Željko Sopić został trenerem Widzewa Łódź po fatalnej postawie klubu w PKO BP Ekstraklasie. Wiosną sezonu 2024/25 pojawiło się nawet widmo spadku, które jednak zostało zażegnane. Widzew w Ekstraklasie został, lecz wraz z przejęciem klubu przez Roberta Dobrzyckiego i milionach złotych wydanych na transfery oczekiwania wobec łódzkiej ekipy wzrosły. Na razie RTS zawodzi i w związku z tym klub podjął decyzję o zwolnieniu chorwackiego szkoleniowca.
15 meczów i koniec…
Przed startem sezonu 2025/26 przewidywaliśmy, który trener jako pierwszy straci swoją posadę. Najczęstszym wyborem był Leszek Ojrzyński.

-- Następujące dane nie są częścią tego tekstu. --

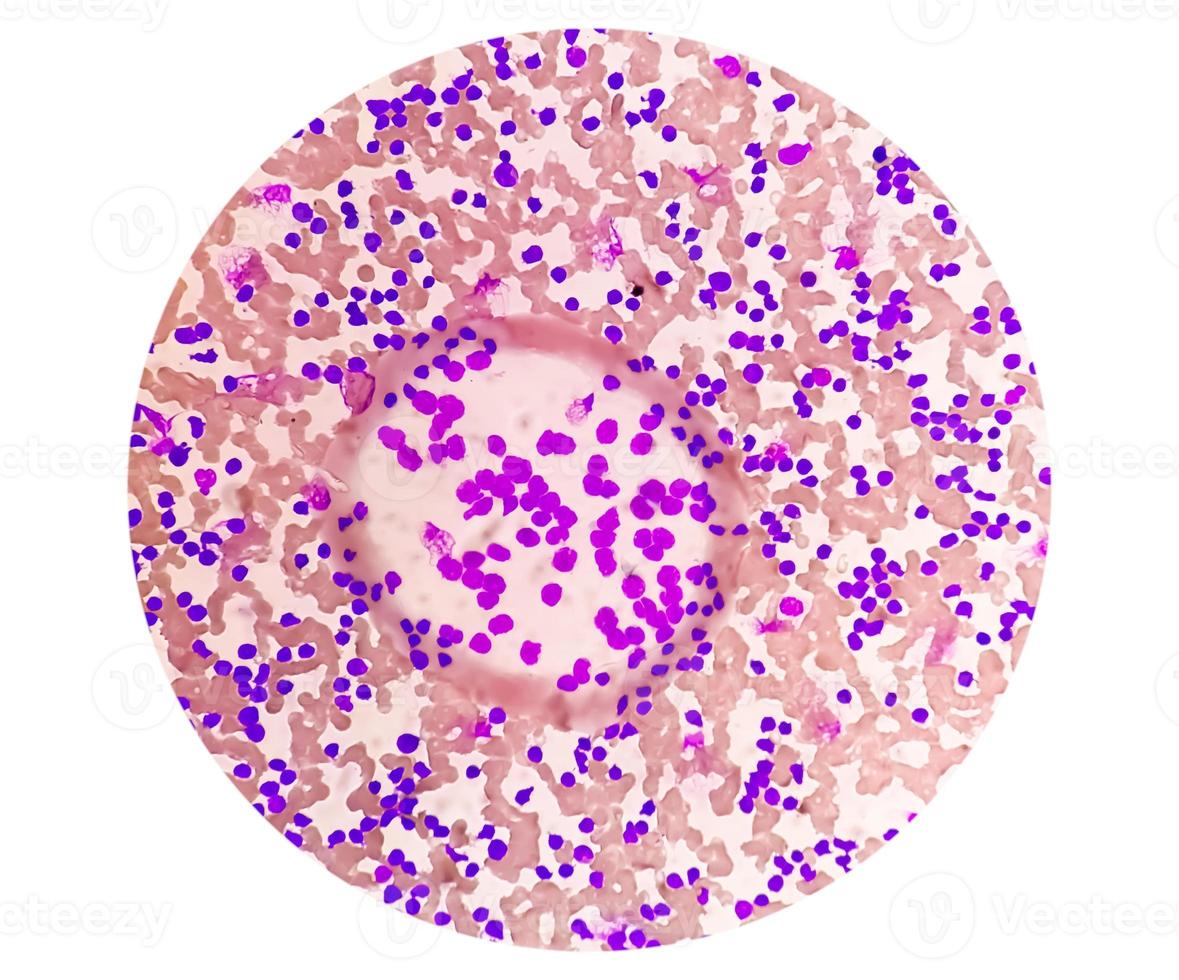 esfregaço de sangue sob microscopia mostrando leucemia linfoblástica crônica ou cll foto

Cóż, nikt nie trafił. Widzew ma w tym sezonie ogromne oczekiwania. Nie ma co się dziwić – nowy właściciel, większe możliwości finansowe. Na chwilę obecną Widzew zajmuje 9. miejsce w tabeli Ekstraklasy. Po 6 meczach zdobył raptem 7 oczek, odnosząc 2 zwycięstwa. W dodatku ze znacznie niżej notowanymi rywalami – GKS-em Katowice i Zagłębiem Lubin. Już od jakiegoś czasu krążyły różne opinie kibiców Widzewa, wyrażających swoje niezadowolenie ze stylu prowadzenia zespołu przez Chorwata. Porażka u siebie z Pogonią Szczecin zdała się przelać czarę goryczy.

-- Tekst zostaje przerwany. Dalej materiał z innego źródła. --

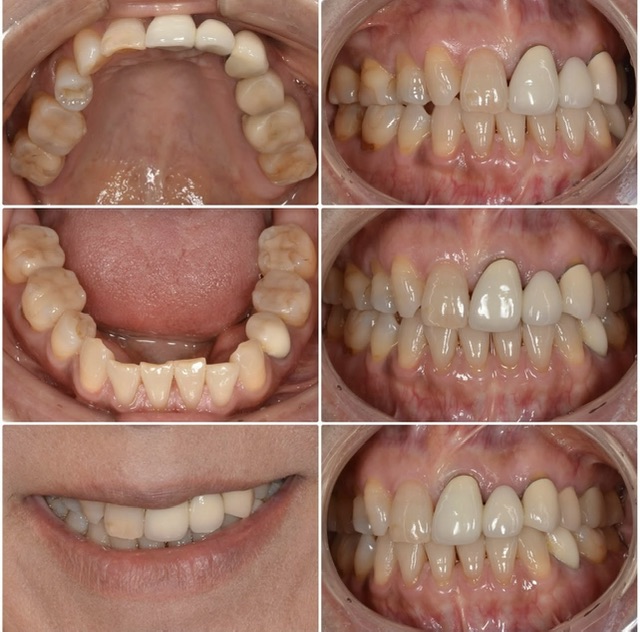 歯並びが気になる　50代女性　2025.5.27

Era Sopicia nie trwała długo, bo zaledwie 5 miesięcy. 51-latek poprowadził zespół łącznie tylko w 15 spotkaniach. Wygrał zaledwie 5 z nich, a jego średnia punktów w łódzkiej ekipie wyniosła 1,13. Jednocześnie Widzew poinformował, że już jutro ogłosi nowego trenera. Z medialnych doniesień wynika, że ma być to Patryk Czubak, obecnie asystent trenera w Widzewie. Takie informacje na X podał Łukasz Olkowicz.